In 2006, the paths of Gainey and Carbonneau crossed again. Gainey, then the Canadiens GM, hired Carbonneau to coach the team each had been captain of, then fired him with 16 games remaining in 2008-09. His overall record was 124-83-23, and he guided the Canadiens to an Eastern Conference-leading 104 points in 2007-08.
Carbonneau recently signed a three-year contract with French-language network RDS, where he is a studio analyst.
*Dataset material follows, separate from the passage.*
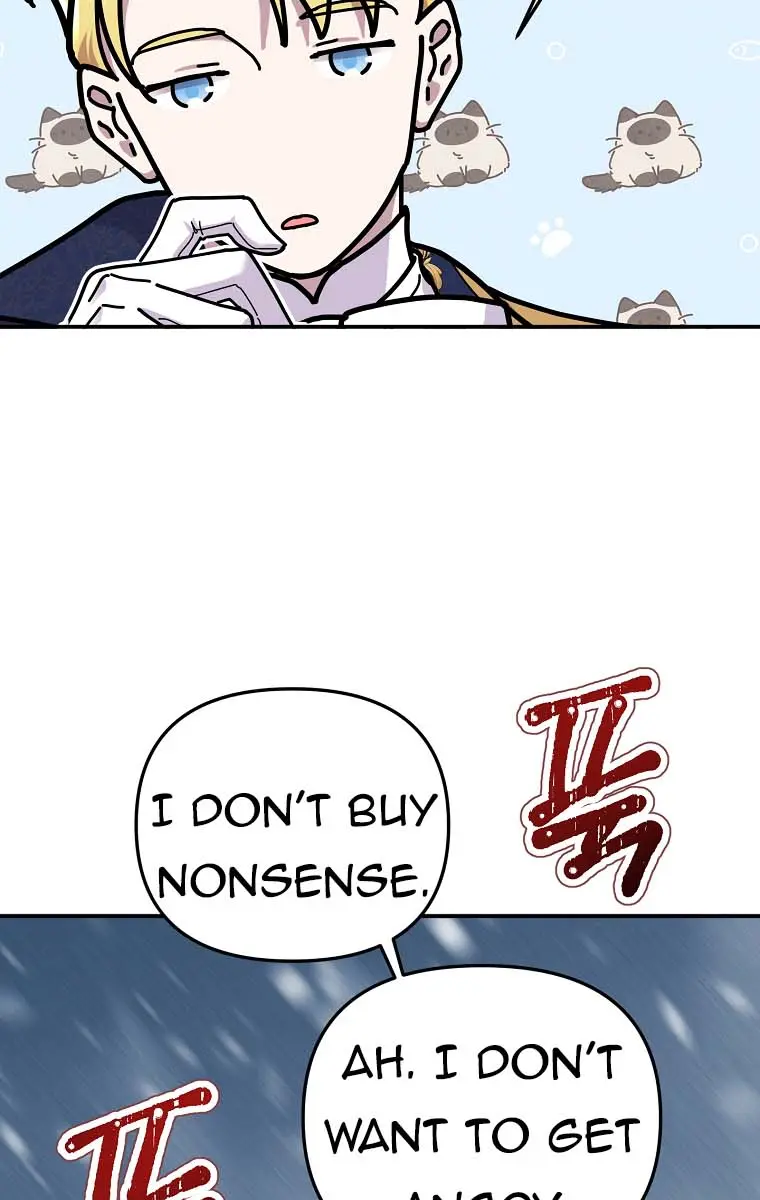 The Materialistic Princess Chapter 36 Page 57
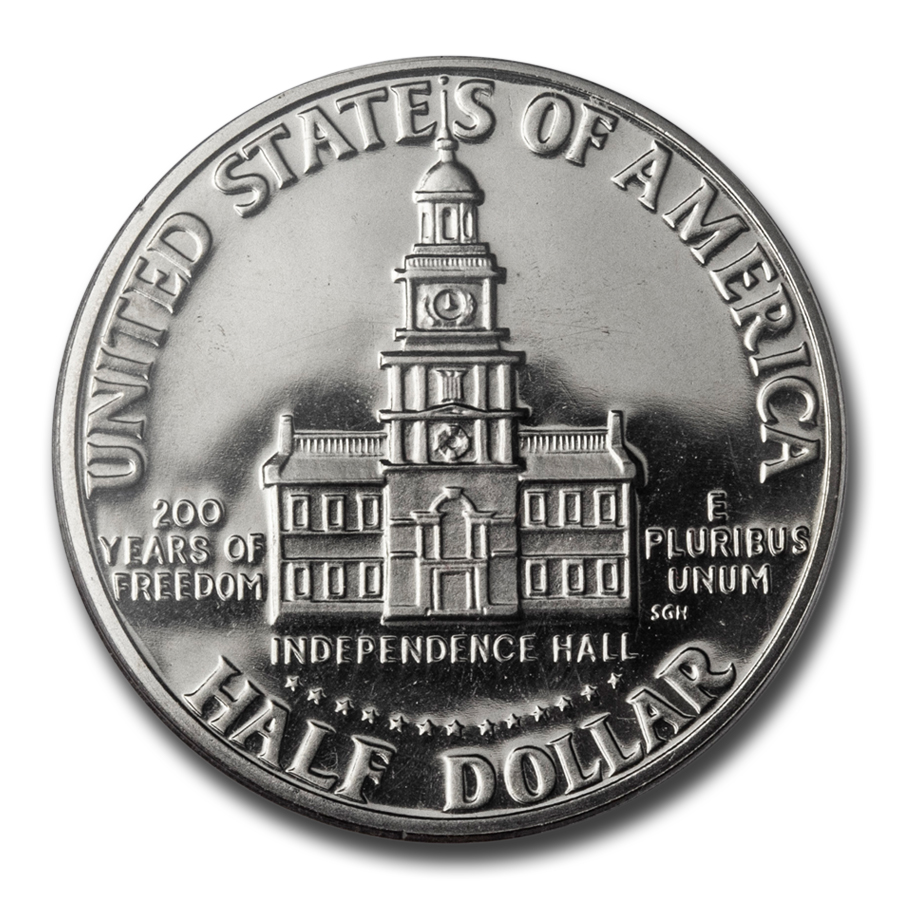 UKorgMONO盤　THE UNITED STATES OF AMERICA 1901 MORGAN SILVER DOLLAR ICG AU58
The network scheduled him to work the Canadiens game against the Columbus Blue Jackets on Nov. 19, the night after his four-day Hall of Fame induction weekend that will keep him running from dawn until well past dark.
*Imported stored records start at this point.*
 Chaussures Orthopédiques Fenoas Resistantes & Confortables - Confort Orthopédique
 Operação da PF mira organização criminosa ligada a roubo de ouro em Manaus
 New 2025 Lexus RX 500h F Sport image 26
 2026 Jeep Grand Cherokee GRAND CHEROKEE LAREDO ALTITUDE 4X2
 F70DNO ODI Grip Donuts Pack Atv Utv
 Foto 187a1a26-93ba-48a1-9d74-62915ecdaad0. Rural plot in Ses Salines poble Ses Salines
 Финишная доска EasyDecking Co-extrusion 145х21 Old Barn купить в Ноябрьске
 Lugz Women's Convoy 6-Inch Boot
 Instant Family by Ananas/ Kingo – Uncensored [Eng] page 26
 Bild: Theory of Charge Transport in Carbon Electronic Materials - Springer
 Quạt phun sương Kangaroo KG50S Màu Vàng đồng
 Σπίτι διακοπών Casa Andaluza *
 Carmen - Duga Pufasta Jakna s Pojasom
Good-natured negotiations for the night off went nowhere, he joked, so Carbonneau will work that shift, be on Bell Centre ice the following night to be feted pregame by the team and the crowd, then head off on a vacation with his wife.
“When I grew up and started to enjoy hockey, the dream was to play in the NHL,” Carbonneau said. “I don’t think, when you’re a kid, that you dream of being in the Hall of Fame. That’s something that comes later. After I retired, I sat down and started thinking about what I accomplished. I was lucky to win three Stanley Cups and three Selke trophies. At one point, I was the best in my profession. I thought I had a chance. A small chance.”
A two-decade wait, he’ll tell you since that emotional phone call from area code 416, was worth every second.